Une équipe de chercheurs de l'université Johns Hopkins a étudié la manière dont la position du bras affecte les résultats des mesures de pression artérielle. En effet, même si les lignes directrices sont claires, il arrive souvent dans la vie quotidienne que les patients aient le bras posé sur leurs genoux ou qu'il pende sur le côté – plutôt qu'il soit posé sur un support solide avec la partie supérieure du bras à hauteur du cœur.
Pourtant, ces postures «alternatives» entraînent une surestimation systématique de la tension artérielle. L'étude menée par Tammy M. Brady, Hairong Liu et al. a révélé que la pression artérielle systolique était surestimée d'environ 3,9 mmHg lorsque le bras était posé sur les genoux. Lorsque le bras pendait sur le côté sans être soutenu, cette valeur dépassait d'environ 6,5 mmHg la valeur exacte.
Ces écarts s'avéraient parfois encore plus importants, notamment chez les personnes déjà sujettes à l'hypertension. Chez ces personnes, un mauvais positionnement du bras entraînait des valeurs jusqu'à 9 mmHg plus élevées.
- Hairong Liu, Di Zhao, Ahmed Sabit, Chathurangi Pathiravasan, Junichi Ishigami, Jeanne Charleston, Edgar R. Miller, Kunihiro Matsushita, Lawrence Appel, Tammy Brady: «Arm Position and Blood Pressure Readings. The ARMS Crossover Randomized Clinical Trial», in: «JAMA Internal Medicine», octobre 2024.
- doi:10.1001/jamainternmed.2024.5213
Dans la pratique clinique courante, il est donc probable que certaines personnes soient régulièrement traitées pour hypertension de grade 1 ou 2, bien qu'elles ne remplissent pas les critères (ou qu'elles appartiennent plutôt à un groupe moins sensible).

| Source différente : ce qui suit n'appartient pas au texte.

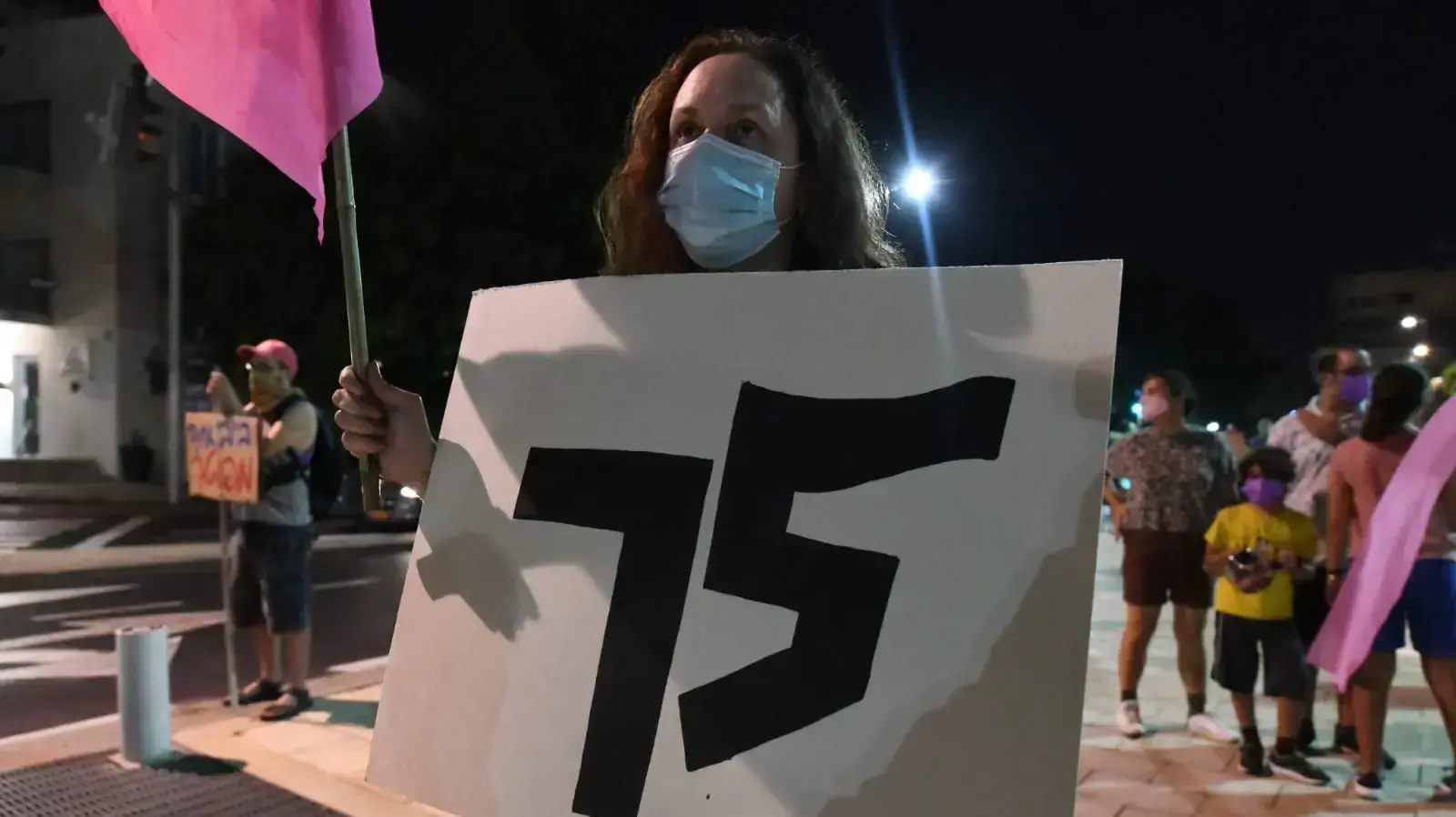 הפגנת הדגלים השחורים הבימה, ת"א
8 באוקטובר 2020 הפגנת הדגלים השחורים הבימה, ת"א
8 באוקטובר 2020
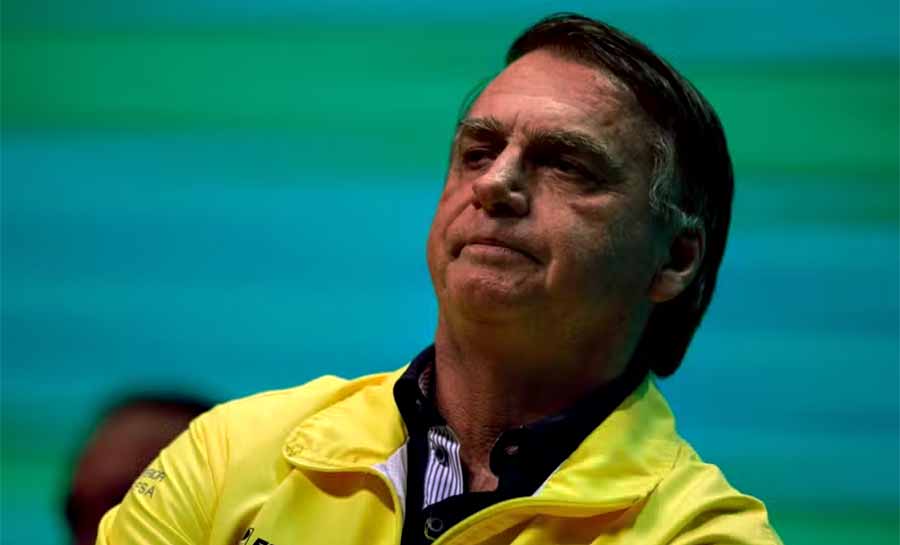 PF cumpre ordem de prisão domiciliar e apreende celular na casa de Bolsonaro em Brasília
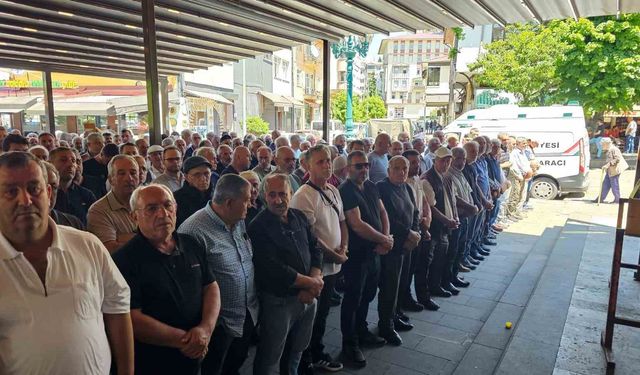 Rize'deki kazada hayatını kaybeden yaşlı çift son yolculuğuna uğurlandı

Jusqu'à 133 adultes âgés de 18 à 80 ans ont été recrutés pour cette étude; chacun des participants se voyait attribuer un brassard de tension artérielle adapté à la circonférence de son bras. Les chercheurs ont ensuite effectué des mesures successives en positionnant le bras de trois manières différentes. Ces mesures ont toutes été réalisées dans un environnement calme.
Analyses menées par l'équipe de Johns Hopkins Medicine. De gauche à droite: positionnement du bras correct, incorrect, incorrect. | Image: Johns Hopkins Medicine.
Après chaque relevé effectué dans une position « incorrecte », une mesure supplémentaire était effectuée en positionnant le bras du patient sur une table afin de comparer les résultats.
«Cet essai clinique croisé randomisé montre l'influence considérable de la position du bras sur les mesures de tension artérielle», concluent ainsi les médecins de Johns-Hopkins: «bien que la marge d'erreur sur la tension artérielle systolique avec le bras appuyé sur les genoux ait été moindre qu'avec le bras non appuyé sur le côté (environ 4 mmHg contre environ 7 mmHg), les valeurs de tension artérielle dans les deux positions étaient suffisamment élevées pour susciter des inquiétudes quant à un surdiagnostic et un surtraitement. Ces résultats étaient cohérents et encore plus extrêmes chez les personnes à risque.»